The Notorious Bettie Page may be set in the 1950s, but filmmaker Mary Harron plainly intends to speak to our here and now. The story of model Bettie Page, an icon for her bangs and bondage photos, the film traces Page’s path from Tennessee schoolgirl, to big-city pinup, to her disappearance from the public eye. Harron and co-writer Guinevere Turner actually began working on the Bettie project shortly after Harron’s debut feature, I Shot Andy Warhol (1996), and around the same time that Page herself transformed from mysterious cult figure to the subject of multiple literary biographies.

The film is framed by the 1955 Senate hearings on juvenile delinquency and pornography, which were effectively the beginning of the end of Page’s modeling career. And it’s in these scenes that The Notorious Bettie Page injects its stealthy contemporary critique, showing Page swept up in the attempts of others to project their own morality onto her. It’s difficult not to feel the echo of today’s debates over broadcast-decency standards on the airwaves, gay marriage or the notion of “traditional values” — something Harron and Turner felt themselves when developing the project.

“The parallels in American attitudes to sex then and now sort of became stronger and stronger,” recalled Harron on a recent promotional jaunt through Los Angeles. “Once the Bush administration came in it was kind of funny, it became much closer than it had been when we started.”
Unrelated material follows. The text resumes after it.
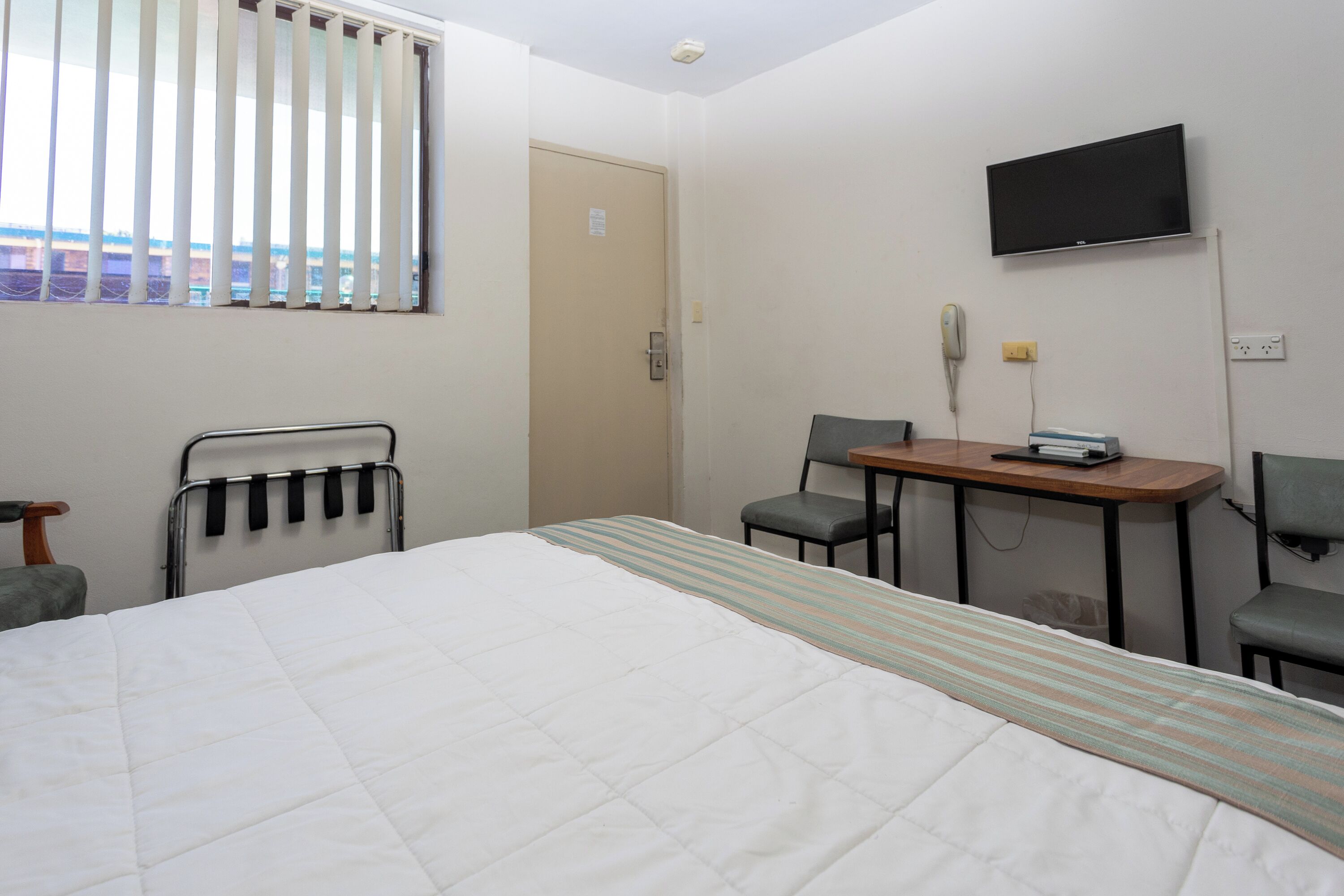 A hotel room with a bed, a desk, two chairs, a television, and a window with blinds.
In many ways, Page’s ongoing mystique stems from the malleability of her image: prototypical rockabilly princess; sunny beach kitten (in the photos of Bunny Yeager); dark bondage queen (in the work of Irving and Paula Klaw); and the woman later persecuted into madness. Harron’s portrait triumphs in the way it allows all those Betties to co-exist by refusing to fall prey to the dime-store psychologizing of more conventional biopics. Whatever Bettie you go looking for, you can find her here.

“I think people have a problem sometimes with things that are not judgmental,” Harron says. “The classic biopic is a kind of melodrama, with the perils of this, the pitfalls of that. People rise high, they’re brought down and then they have to find redemption. I feel we were aware of that map and there were certain elements we couldn’t avoid. There also were elements we felt were contradictory and ambiguous in the way a real person’s life is. People’s lives don’t fit into narrative arcs.”

One of the toughest choices faced by Harron and Turner was simply deciding how much of Page’s life story to tell, and where to let the film end. Rather than push forward into Page’s lost years, they opted to stick with Page in the 1950s.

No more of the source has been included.